Despite uncertainty caused by the July general elections, 2018 was an excellent year in terms of business performance for a number of key players in the local financial sector.
Representatives of Acleda Bank and microfinance institutions Amret, Prasac, and Hattha Kaksekar Limited told Khmer Times that 2018 exceeded their expectations when it comes to important business performance indicators.
Acleda, one of the largest commercial banks in the Kingdom, reported that outstanding loans and deposits rose by as much as 14 and 17 percent respectively last year.
“2018 has been one of the most prosperous years in terms of business growth,” said In Channy, the bank’s president, although he clarified that the first six months of the year were not particularly outstanding.
“Growth in the first half of the year was very slow. We were facing a number of challenges: before the election, customers tended to wait and see, so the demand for loans was limited. Other bank products and services grew very slow as well,” Mr Channy.
However, Acleda chose to focus on improving the quality of its loan assets, prioritising risk mitigation, and upping investment on staff training to improve service quality, which, according to Mr Channy, paid off.
“In the second half of 2018, non-performing loans (NPLs) shrank to less than 2 percent, and the bank started growing back at normal speed,” he added.
Amret, one of the largest MFIs in the country, reported a similar growth in loans – 14.5 percent – while their deposit expanded by 25 percent to reach $449 million.
Mr Chea Phalarin, the MFI’s president and CEO, said, “Our deposits grew significantly because our customers have more trust in our services every year.
“In addition, Cambodia now has a sound macroeconomic policy and political stability, which is also helping build customer trust.”
However, he explained that the outstanding loan growth rate was not impressive compared to 2017. “Outstanding loans did not grow much due to tough competition. Also, we put in place stricter rules for loan disbursement,” he said.
NPLs accounted for just 0.3 percent of total loans in 2018, he added.
Huot Ieng Tong, president and CEO of Hattha Kaksekar Limited (HKL), the first company to issue corporate bonds in the Cambodian securities market, said loans and deposits both grew by 25 percent last year.

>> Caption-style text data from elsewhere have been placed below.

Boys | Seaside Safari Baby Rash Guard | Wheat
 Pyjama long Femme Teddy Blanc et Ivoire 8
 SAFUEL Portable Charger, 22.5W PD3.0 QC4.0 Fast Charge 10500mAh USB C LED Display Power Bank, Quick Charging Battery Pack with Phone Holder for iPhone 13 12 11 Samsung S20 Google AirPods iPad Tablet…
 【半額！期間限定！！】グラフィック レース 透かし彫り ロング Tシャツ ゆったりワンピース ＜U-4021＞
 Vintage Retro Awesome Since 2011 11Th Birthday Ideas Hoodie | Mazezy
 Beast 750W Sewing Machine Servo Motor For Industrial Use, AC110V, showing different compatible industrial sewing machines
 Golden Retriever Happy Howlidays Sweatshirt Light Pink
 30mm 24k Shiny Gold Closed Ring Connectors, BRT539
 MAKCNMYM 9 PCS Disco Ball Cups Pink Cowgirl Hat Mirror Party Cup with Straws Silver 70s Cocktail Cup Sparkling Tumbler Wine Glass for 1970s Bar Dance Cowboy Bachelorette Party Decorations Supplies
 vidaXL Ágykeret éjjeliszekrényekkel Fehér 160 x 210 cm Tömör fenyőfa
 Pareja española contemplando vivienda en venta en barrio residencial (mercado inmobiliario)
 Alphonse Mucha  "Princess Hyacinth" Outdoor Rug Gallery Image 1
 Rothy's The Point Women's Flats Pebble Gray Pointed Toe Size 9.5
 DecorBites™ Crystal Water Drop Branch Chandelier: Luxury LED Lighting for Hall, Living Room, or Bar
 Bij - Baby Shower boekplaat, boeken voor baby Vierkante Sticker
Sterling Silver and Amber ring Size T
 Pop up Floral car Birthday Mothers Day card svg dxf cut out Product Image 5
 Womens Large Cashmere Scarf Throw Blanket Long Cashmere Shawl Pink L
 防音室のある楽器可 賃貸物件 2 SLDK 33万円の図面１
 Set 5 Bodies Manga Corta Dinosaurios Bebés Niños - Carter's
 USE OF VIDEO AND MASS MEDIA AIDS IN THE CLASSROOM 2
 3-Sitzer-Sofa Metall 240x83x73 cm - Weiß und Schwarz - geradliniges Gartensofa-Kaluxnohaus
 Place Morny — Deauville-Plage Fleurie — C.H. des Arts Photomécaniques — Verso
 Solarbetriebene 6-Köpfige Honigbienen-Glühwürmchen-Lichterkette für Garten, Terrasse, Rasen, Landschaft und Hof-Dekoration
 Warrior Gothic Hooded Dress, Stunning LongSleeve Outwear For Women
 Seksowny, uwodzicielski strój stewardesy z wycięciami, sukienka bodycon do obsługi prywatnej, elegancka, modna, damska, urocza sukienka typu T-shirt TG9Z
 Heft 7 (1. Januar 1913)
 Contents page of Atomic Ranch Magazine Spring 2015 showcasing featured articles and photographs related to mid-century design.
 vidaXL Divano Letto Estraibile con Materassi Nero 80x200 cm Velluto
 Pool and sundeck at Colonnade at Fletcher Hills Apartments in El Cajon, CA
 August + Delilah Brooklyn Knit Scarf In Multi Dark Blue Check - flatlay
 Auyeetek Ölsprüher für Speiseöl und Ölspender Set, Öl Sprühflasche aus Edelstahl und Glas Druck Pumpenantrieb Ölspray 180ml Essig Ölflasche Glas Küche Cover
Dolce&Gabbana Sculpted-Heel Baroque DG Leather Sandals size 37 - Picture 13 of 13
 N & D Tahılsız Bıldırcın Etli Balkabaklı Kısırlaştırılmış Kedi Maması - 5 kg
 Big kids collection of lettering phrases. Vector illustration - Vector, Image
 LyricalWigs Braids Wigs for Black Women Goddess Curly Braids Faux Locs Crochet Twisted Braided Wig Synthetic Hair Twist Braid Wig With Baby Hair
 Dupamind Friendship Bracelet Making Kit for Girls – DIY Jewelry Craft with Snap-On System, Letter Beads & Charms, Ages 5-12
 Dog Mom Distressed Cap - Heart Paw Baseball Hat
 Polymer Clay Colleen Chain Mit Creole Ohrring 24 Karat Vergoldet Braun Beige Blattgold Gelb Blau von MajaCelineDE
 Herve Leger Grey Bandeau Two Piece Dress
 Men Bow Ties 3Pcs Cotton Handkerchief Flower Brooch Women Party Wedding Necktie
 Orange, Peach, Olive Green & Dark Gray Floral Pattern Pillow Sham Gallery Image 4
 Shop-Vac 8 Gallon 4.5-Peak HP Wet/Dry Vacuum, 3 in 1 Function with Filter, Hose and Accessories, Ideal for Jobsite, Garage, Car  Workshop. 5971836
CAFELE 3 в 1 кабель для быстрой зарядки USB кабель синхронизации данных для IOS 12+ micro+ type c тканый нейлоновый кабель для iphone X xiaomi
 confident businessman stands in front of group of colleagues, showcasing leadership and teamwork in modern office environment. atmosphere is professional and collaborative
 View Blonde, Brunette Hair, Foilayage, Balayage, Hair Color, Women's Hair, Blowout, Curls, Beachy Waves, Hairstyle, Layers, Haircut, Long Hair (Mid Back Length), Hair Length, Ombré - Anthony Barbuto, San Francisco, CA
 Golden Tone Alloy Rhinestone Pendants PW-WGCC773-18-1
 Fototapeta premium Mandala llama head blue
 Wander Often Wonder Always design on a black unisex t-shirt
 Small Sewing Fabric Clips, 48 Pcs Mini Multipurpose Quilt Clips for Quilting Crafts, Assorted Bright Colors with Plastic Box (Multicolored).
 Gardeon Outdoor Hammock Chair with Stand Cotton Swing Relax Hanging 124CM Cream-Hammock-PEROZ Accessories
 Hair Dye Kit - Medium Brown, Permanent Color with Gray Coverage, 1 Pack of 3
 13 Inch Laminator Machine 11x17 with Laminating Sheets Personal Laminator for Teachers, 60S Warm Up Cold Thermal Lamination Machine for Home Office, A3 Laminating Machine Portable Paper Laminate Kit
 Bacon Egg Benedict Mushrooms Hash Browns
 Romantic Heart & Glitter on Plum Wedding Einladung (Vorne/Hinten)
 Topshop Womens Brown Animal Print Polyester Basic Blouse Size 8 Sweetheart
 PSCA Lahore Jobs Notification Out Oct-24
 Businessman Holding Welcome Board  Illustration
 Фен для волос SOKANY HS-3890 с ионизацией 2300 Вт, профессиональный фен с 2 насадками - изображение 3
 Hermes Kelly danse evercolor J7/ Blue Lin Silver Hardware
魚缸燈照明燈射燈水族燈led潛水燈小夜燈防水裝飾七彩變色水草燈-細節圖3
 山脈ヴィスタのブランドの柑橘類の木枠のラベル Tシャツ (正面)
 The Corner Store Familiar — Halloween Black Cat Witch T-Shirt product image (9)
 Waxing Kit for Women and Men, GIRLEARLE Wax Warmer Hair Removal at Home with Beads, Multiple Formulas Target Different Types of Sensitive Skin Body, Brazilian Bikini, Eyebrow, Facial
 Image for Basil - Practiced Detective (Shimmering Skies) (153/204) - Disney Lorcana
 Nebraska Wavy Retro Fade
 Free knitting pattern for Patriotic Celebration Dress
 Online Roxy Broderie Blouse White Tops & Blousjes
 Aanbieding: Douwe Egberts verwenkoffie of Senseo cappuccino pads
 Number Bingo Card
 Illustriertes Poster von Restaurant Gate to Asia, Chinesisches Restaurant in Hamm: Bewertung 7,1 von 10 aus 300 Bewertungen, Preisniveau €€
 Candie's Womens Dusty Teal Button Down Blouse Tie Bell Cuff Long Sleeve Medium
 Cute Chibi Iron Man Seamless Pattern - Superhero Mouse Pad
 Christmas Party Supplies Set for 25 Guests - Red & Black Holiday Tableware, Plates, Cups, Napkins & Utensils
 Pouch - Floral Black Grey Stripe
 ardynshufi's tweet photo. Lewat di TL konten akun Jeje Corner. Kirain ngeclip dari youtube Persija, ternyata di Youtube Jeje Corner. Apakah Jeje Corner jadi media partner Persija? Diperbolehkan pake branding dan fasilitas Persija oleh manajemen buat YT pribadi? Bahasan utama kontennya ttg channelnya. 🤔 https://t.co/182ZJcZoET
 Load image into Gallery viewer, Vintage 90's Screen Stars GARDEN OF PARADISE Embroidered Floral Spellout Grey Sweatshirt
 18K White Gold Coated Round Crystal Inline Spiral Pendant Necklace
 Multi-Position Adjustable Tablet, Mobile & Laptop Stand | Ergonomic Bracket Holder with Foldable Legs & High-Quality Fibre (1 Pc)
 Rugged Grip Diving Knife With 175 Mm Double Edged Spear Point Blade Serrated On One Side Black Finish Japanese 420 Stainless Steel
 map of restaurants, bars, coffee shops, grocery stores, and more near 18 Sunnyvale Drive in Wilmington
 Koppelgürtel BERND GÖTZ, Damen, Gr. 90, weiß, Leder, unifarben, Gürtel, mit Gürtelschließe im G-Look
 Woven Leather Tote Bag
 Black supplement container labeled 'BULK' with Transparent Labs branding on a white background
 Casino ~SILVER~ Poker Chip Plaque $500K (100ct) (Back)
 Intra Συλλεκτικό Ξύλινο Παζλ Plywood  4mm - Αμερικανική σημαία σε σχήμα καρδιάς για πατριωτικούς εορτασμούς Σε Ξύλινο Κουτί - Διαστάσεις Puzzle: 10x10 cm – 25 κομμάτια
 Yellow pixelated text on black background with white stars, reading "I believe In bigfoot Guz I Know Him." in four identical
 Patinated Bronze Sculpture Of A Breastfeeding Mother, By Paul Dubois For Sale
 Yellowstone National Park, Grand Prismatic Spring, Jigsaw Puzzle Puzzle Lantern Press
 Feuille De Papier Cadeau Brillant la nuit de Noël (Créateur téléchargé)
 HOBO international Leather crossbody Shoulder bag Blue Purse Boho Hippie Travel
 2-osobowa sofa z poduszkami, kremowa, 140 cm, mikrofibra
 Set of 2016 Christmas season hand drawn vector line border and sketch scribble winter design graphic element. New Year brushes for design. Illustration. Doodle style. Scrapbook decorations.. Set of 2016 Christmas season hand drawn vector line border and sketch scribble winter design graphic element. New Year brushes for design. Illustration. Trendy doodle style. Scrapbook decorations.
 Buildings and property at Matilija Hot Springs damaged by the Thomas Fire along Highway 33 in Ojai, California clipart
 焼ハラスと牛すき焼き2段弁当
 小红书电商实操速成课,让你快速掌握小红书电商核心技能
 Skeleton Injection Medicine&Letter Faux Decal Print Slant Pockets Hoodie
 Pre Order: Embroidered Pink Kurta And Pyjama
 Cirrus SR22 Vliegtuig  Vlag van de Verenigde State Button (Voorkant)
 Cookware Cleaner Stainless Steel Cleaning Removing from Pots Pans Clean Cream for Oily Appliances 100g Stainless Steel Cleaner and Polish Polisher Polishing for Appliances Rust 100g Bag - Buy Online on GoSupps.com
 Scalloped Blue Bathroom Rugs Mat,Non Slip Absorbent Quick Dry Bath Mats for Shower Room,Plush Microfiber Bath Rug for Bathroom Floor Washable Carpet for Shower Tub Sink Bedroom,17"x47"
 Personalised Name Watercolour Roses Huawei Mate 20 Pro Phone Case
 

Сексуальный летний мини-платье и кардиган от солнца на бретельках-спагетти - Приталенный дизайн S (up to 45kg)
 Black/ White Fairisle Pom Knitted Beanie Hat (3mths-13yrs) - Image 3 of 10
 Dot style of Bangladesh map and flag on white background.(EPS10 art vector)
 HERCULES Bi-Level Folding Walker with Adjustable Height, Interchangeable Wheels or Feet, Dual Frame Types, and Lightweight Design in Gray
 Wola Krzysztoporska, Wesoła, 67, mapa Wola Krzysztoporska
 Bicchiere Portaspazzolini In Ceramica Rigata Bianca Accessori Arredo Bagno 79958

“I don’t think the election had an impact on the operation of our business. The economy didn’t slow down, which is why we met our growth goals,” he said.
Another big fish in the MFI business, Prasac Microfinance Institution, also reported positive figures, with its loan portfolio growing by 27 percent, from $1.54 billion in 2017 to $1.96 billion at the end of last year. Deposits, meanwhile, grew by a whopping 40 percent.
“Prasac’s performance in 2018 was great thanks to the country’s rapid economic growth, macroeconomic and political stability, as well as support from the Central Bank, who issued strong regulation for the sector,” said Say Sony, Prasac senior vice president, who added that “all these factors have helped us boost customer trust.”
Like HKL’s Ieng Tong, Mr Sony said the elections did not influence their operations.
“We still had access to finance, and customers still wanted to deposit their money with us,” he said.
In November, international credit rating agency Standard & Poor’s revised the Banking Industry Country Risk Assessment (BICRA) economic risk trend for Cambodia from ‘negative’ to ‘stable’. Despite the positive assessment, however, the agency warned that the sector remains “high risk” due to excessive loan growth.
Mr Channy says he is confident that 2019 will also be a great year for Cambodia’s financial sector. “We still have the three most important factors: economic, social and political stability, which are fundamental for growth in the financial sector.
“2019 will be one of the best years for Acleda Bank since, according to government and World Bank projections, the economy will continue to grow at a very fast pace,” said Mr Channy.